Moreover, these parametric LMs are fundamentally incapable of adapting over time, often hallucinate, and may leak private data from the training corpus. […] Retrieval-based LMs can outperform LMs without retrieval by a large margin with much fewer parameters, can update their knowledge by replacing their retrieval corpora, and provide citations for users to easily verify and evaluate the predictions.
Besides ease of updating knowledge, the retrieval-based approaches also have following advantages:
- Traceability, Verifiability, Interpretability, and Controllability: They mean the same thing for RALMs.
- Privacy and Copyright: The LMs are only responsible for making inference. The more relevant documents are stored in the databases.
There are some use cases where the RALMs are most suitable:
- Long-tail: For example, “Where is the Toronto zoo located?”
- Knowledge Update: For example, “what is the population of Toronto metropolitan area in 2000?”
- Verifiability, Factuality, and Hallucination
- Parameter-Efficiency: RALMs could improve performance of smaller LMs and make them competitive with larger ones.
- Parameter Update: We do not have to update the model itself when we could update the database.
- OOD Generalization
Architecture
Three elements of RALMs:
- What to Retrieve? What is the minimal unit for retrieval. The choices could be token, document, or text chunk.
- How to Use the Retrieval Results? Input, output, or somewhere in between?
- When to Retrieve? Only once, every token, or somewhere in between?

- 
REALM is one of the first works in RALM. The goal is improving MLM LM pretraining.
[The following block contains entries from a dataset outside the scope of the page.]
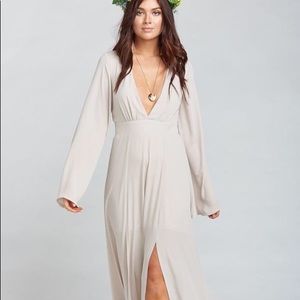 Venus Long Sleeve Dress Show Me the Ring Crisp
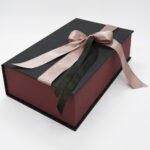 Κουτί τύπου βιβλίο Μπορντώ - Μαύρο 2 θέσεων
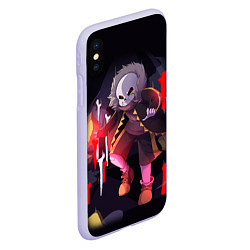 Чехол iPhone XS Max матовый UNDERTALE, цвет: 3D-светло-сиреневый — фото 2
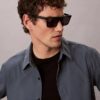 Okulary przeciwsłoneczne z cienkiej acetatu o zmodyfikowanym prostokątnym kształcie Okulary przeciwsłoneczne z cienkiej acetatu o zmodyfikowanym prostokątnym kształcie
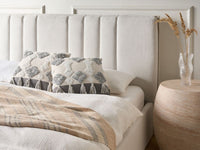 Set di 2 cuscini decorativi bianco e grigio cotone 45x45 cm con nappe motivo rombi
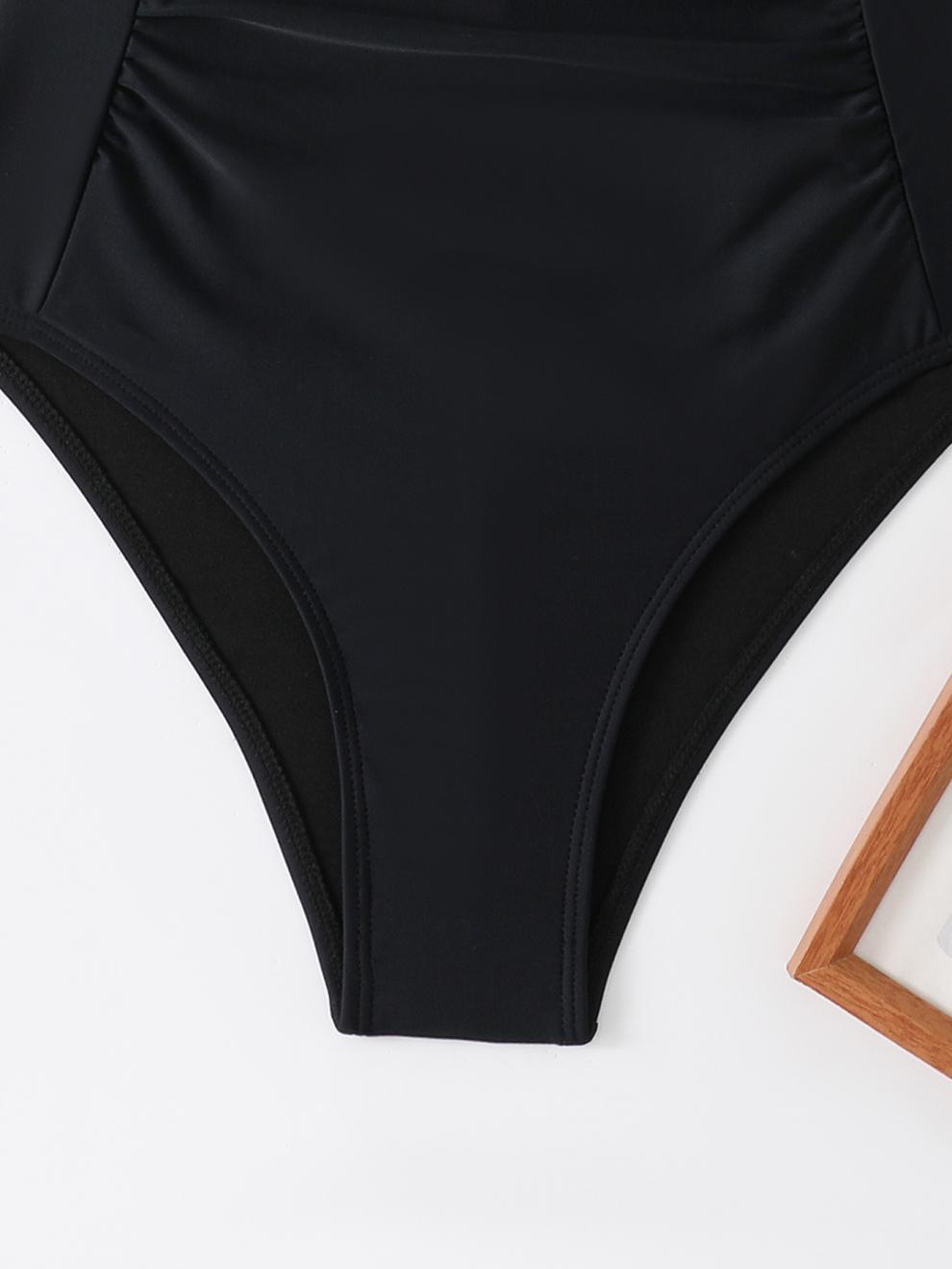 商品详情图_2025欧美性感连体泳装女亚马逊泳衣遮肚游泳衣跨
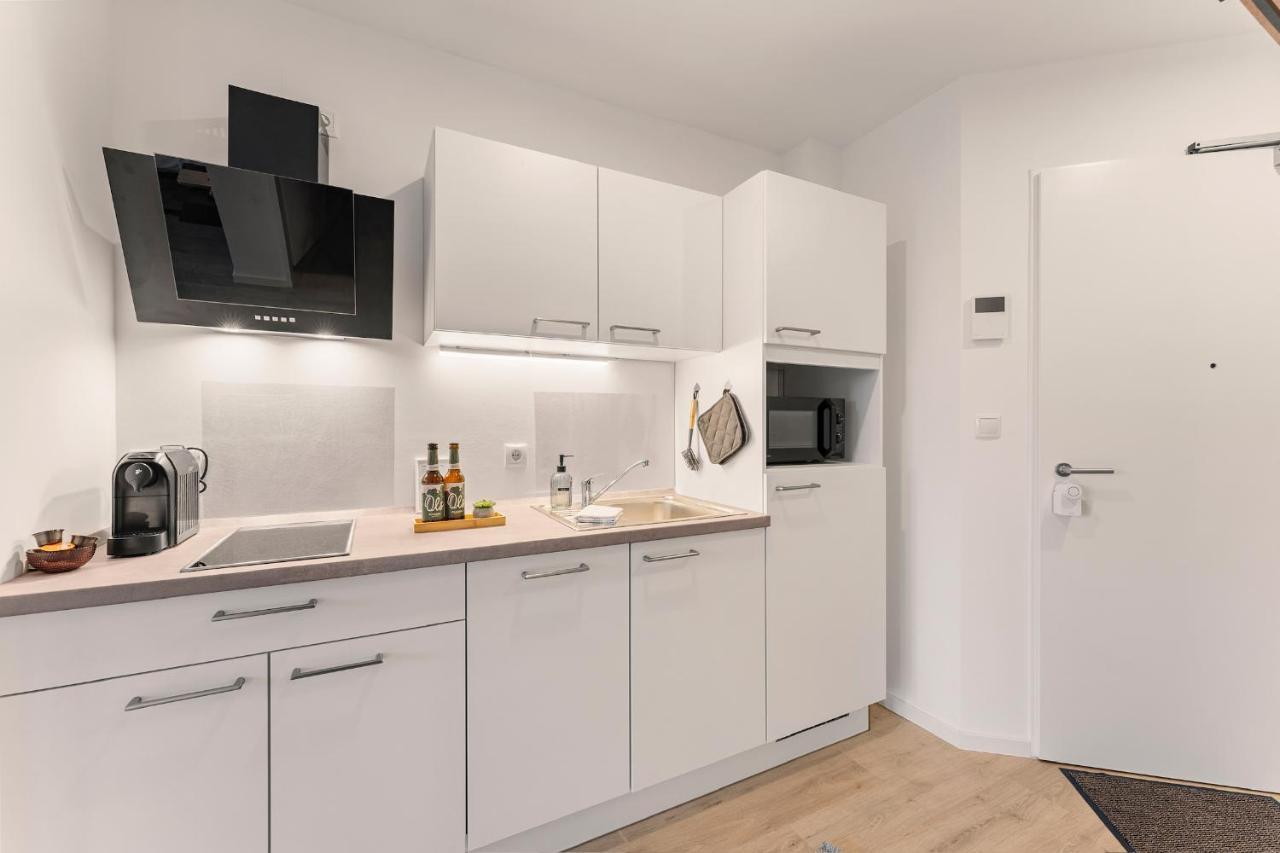 Modernes Apartment Am Gleispark Oldenburg Exteriér fotografie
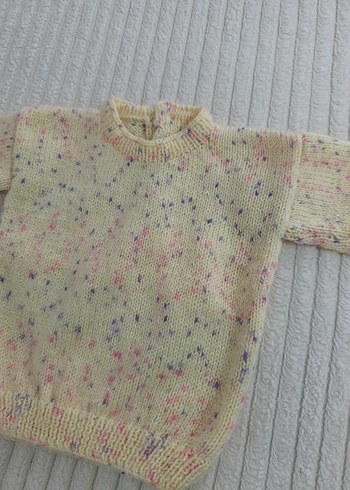 Kız Çocuk Vintage Çok Renkli Triko Kazak - Görsel 2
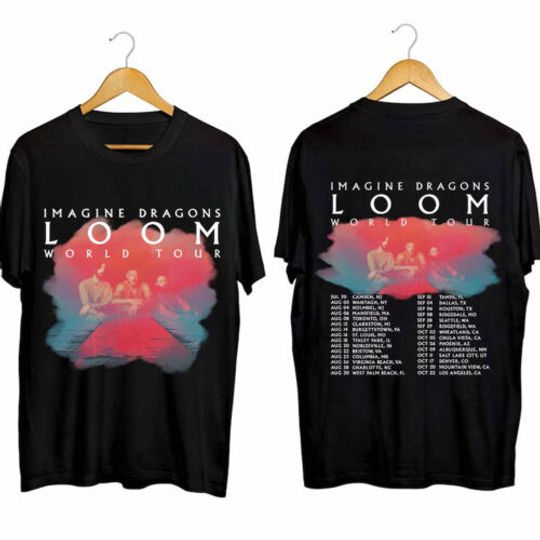 Discover Imagine Dragons - Loom Tour 2024 Shirt, Imagine Dragons Band Fan Shirt
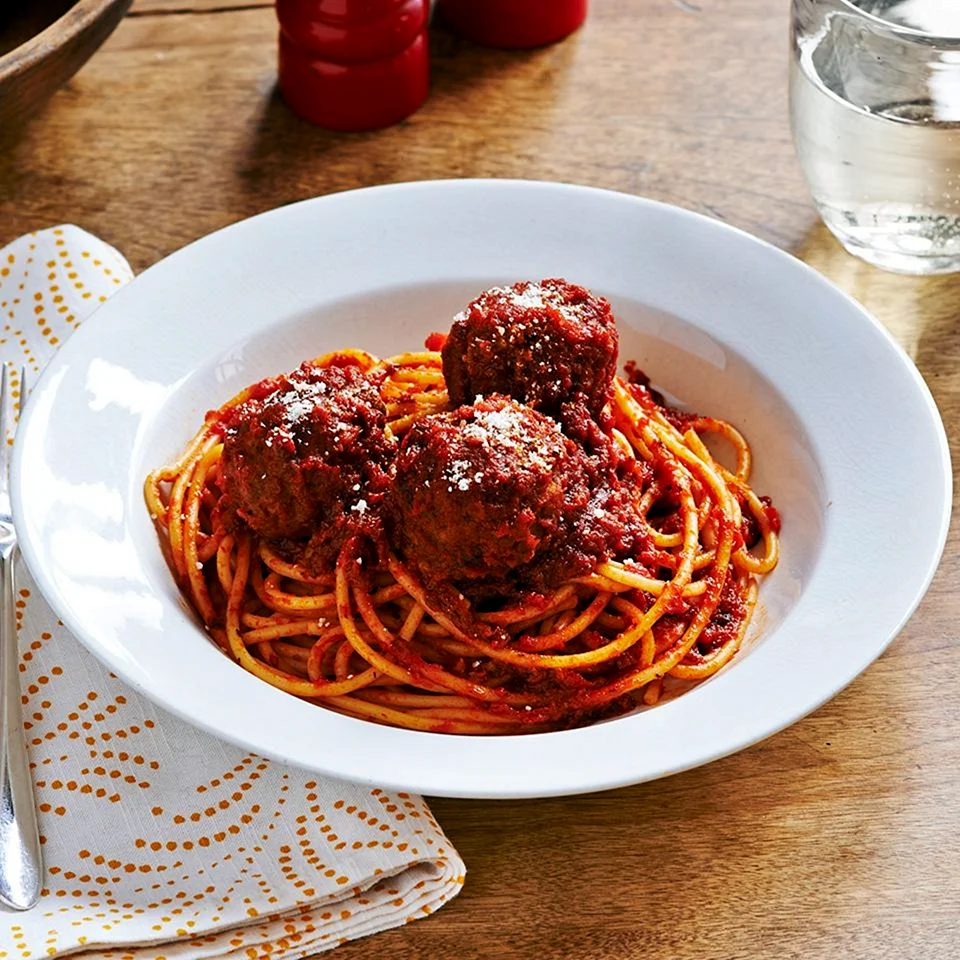 Shopping list for Spaghetti and Meatballs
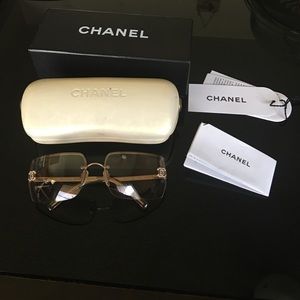 Authentic CHANEL Sunglasses w/ original tags/case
The followup papers include DPR, RAG, Atlas; they all focus on knowledge intensive tasks:
- DPR
- RAG
- Atlas
 
- 
Retrieval-in-context LM
- REPLUG: The prompt is used to retrieved a set of documents; these documents are then prepended to the prompt and form an ensemble to predict the new tokens.
- 
Ram et al.: We do not have to use the entire prompt as query. It may be better to use more recent tokens (due to higher relevance to the tokens to generate) as long as they are not too short.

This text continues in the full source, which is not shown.